Turtles aren't quite as actively useful, but they are excellent at helping keep insect populations under control, along with mosquito fish, toads, and bats.
If you also have pets you want to keep after a disaster, an apocalypse, or in the event of a depression, start training your pet to be useful now. Not just tricks, but actual work. Then, let them work alongside you. Both of you will benefit - the critter will be happy to be part of your team, and you'll have reliable help. It's a win-win situation.
Dogs were domesticated as helpers for people. They were bred to specialties in helping people and you should tap into that instinct and experience and give your dog a chance to be more than a pampered pet, because you can’t afford free-loaders when there’s no money, no food, and you have to rely on your wits.
Itzl is a good example. People are constantly amazed at his behavior, and he loves being useful. He’s alert and always wanting to please me by letting me know there’s a sound I need to investigate. He’s even started training himself now that he knows what’s expected of him. If he hears a sound and I don’t react to it and he doesn’t know what that sound is, he will agitate and insist that I investigate the sound and teach him about it.
At Halloween, there were teens wandering the neighborhood with those light sabers that make sounds and he didn’t know what they were. He led me to the teens and looked at me to teach him. I asked the teens if they’d help, and told them what to do, since I couldn’t hear the light sabers. So they turned the sounds on and off, and demonstrated them for Itzl. I reinforced the lesson with his code words. By the time we were done, he had a new sound to alert on, and he decided on his own that since it was a toy that made the sound, his signal would be to chuff and point, waving one paw as if he were wielding a saber himself. Now I know when he chuffs and mimics a swordfight, he’s telling me there are light saber noises nearby.
He also trained the cats to fetch for him using the same training techniques I use on him. The cats will now fetch for me as well as him. And they hunt rodents and put them in their kill box.
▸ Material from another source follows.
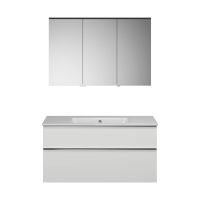 Burgbad Eqio Slim Badmöbel-Set 122cm, LED-Spiegelschrank, Waschtisch, Unterschrank, weiß SHCP0122
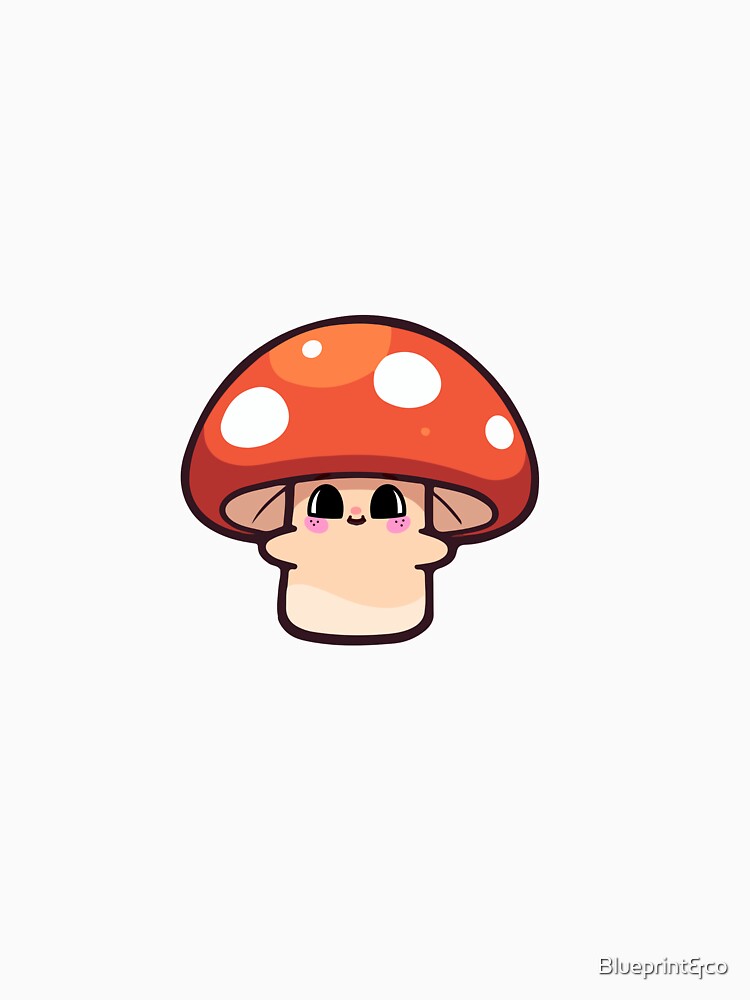 Red and White Kawaii Mushroom – Cute Forest Sticker by Blueprint&co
Dogs and cats can be trained to alert on gaseous smells, smoke alarms, to fetch, hunt, and guard. Dogs can also be trained to dig, pull loads, carry packs, herd children or chickens or sheep or other flocking animals, carry messages, find lost objects, and perform a myriad of other tasks.
Teamwork and Teamwork II and the video are good training resources to teach your animal useful survival skills. Connecting with people who own similar breeds and animals that are interested in training them to do jobs is also useful. One such website, Working Dog Web, has a lot of information on it. While we see dogs as the most useful, cats, ferrets, parrots, falcons, horses, pigs, homing pigeons, and, yes, even rats can be trained to do jobs we need for survival and their trained presence can increase our odds of surviving.
When we make our survival plans, instead of just planning to save our pets, we ought to start preparing them to be partners in our survival.